2014年2月3日

Nature #7479, #7482 郷原さん
1) 生物の三界の系統樹の分かれ方が今まで言われてきたものと異なる可能性がある。とりあえず2つに分かれてから、先端の方でアーキアとユーカリオートに分かれるのだろう。
2) ヒトのGABABのレセプターの構造を解いた。アポ、アゴニスト結合型、アンタゴニスト結合型の3種類の構造を調べて、アゴニスト結合時とアンタゴニスト結合時ではLB2ドメインの構造が異なる事がわかった。
3) べん毛が伸びていく話。先に入っているFliCのN末端が次に入ってくるFliCのC末端と結合して、べん毛の先端でフォールディングする時のエネルギーを用いて次のFliCを引っ張り上げているらしい。
4) 結核菌がマクロファージに感染してより深部へと運ばれていくが、結核菌は感染するマクロファージを選んでいるのではないか、ということを近縁種の菌を使って調べた。
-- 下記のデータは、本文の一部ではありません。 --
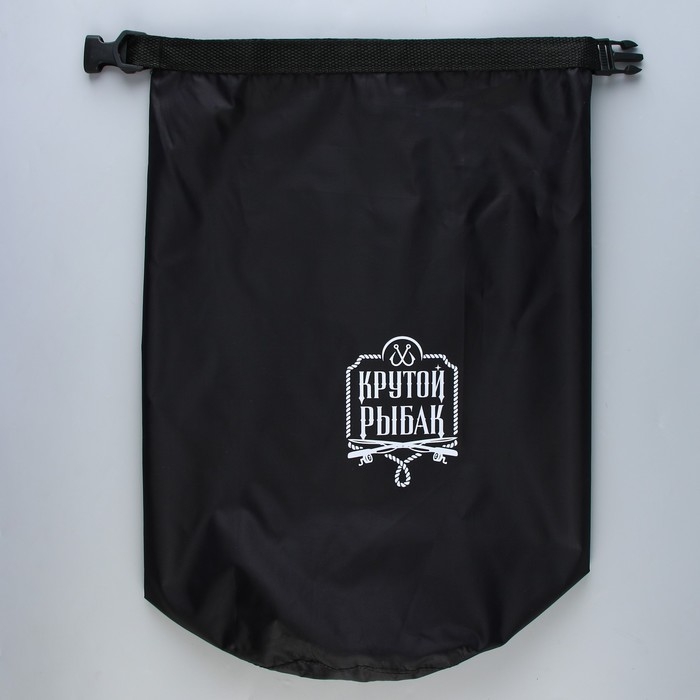 Гермомешок «Крутой рыбак», 10 л., черный.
5) 出芽酵母でバイオエタノールをつくるときに、DEHU(アルギン酸)の輸送体の遺伝子を導入しておくと酵母のGrowthが上昇し、消費した糖の83%にあたるエタノールを産生した事が分かった。今後のバイオエタノール事情に関わってくる話題でした。
6) X線自由電子レーザーを用いてリゾチームの構造を解いた。フェムト秒の強いレーザー光線をあてることにより、nm~µmの結晶でも構造が解けるので、結晶を作りにくい膜タンパク質でも今後使えるのではないかということです。

Science issue6167, 6168 小野くん
1) グラム陰性菌が小胞を放出している事はよく知られているが、海に住むプロクロロコッカスが放出している小胞にはどのような役割があるのかを調べた話。3つ可能性がある;1、従属栄養生物との関連(小胞の炭素を栄養とする)。2、ファージに対抗する手段で小胞をおとりにする。3、小胞内にはDNAやRNAが含まれており、遺伝子の水平伝播に関わる。実際に小胞にファージが感染している電顕像が撮れたので2は確かだろうということです。
2) サルモネラ菌が多剤耐性を遺伝子変異以外の方法で獲得出来るという話で、pHが下がったり飢餓状態になると休眠状態(Persister)という状態になり、いろいろ阻害してくる抗生物質をスルーしてしまう。このせいで多剤耐性をもっていて慢性感染の原因になりうるといえる。
3) 過去に黄熱病のワクチンが作られたが、その作用機序は分かっていなかったので、今回全て明らかにしましたよ、という話。
4) 以前大問題になったサリドマイドが他の病気にも効きそうなため再び注目を集めているなう、という話。がんなどの重篤な疾患に効くみたいです。